Once the pictures are set aside, transcribe each line of the listing exactly.
Start of DATA SHOWN
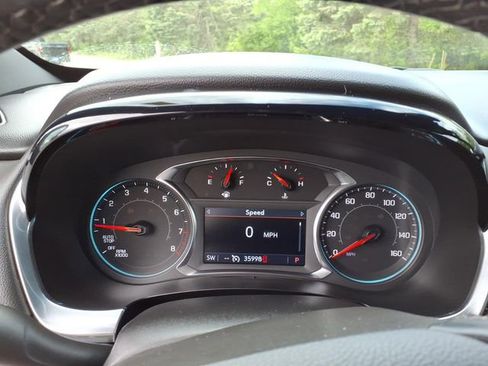 Used 2023 Chevrolet Traverse LT FWD image 18
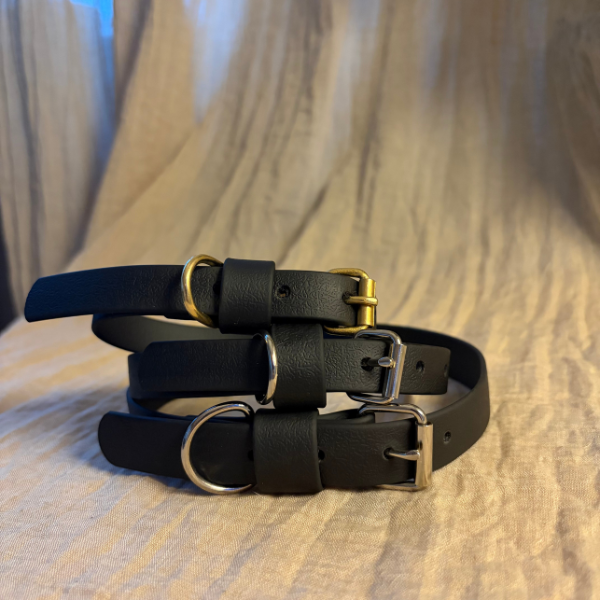 Svart enfärgat Biothane halsband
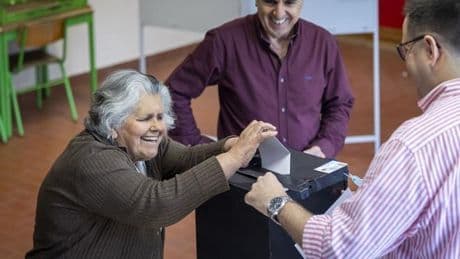 La participación en Portugal supera el 25,5% hasta el mediodía, ligeramente por encima de la de 2024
End of DATA SHOWN
**RESULT FOR THIS TASK**
 Used 2023 Chevrolet Traverse LT FWD image 18
 Svart enfärgat Biothane halsband
 La participación en Portugal supera el 25,5% hasta el mediodía, ligeramente por encima de la de 2024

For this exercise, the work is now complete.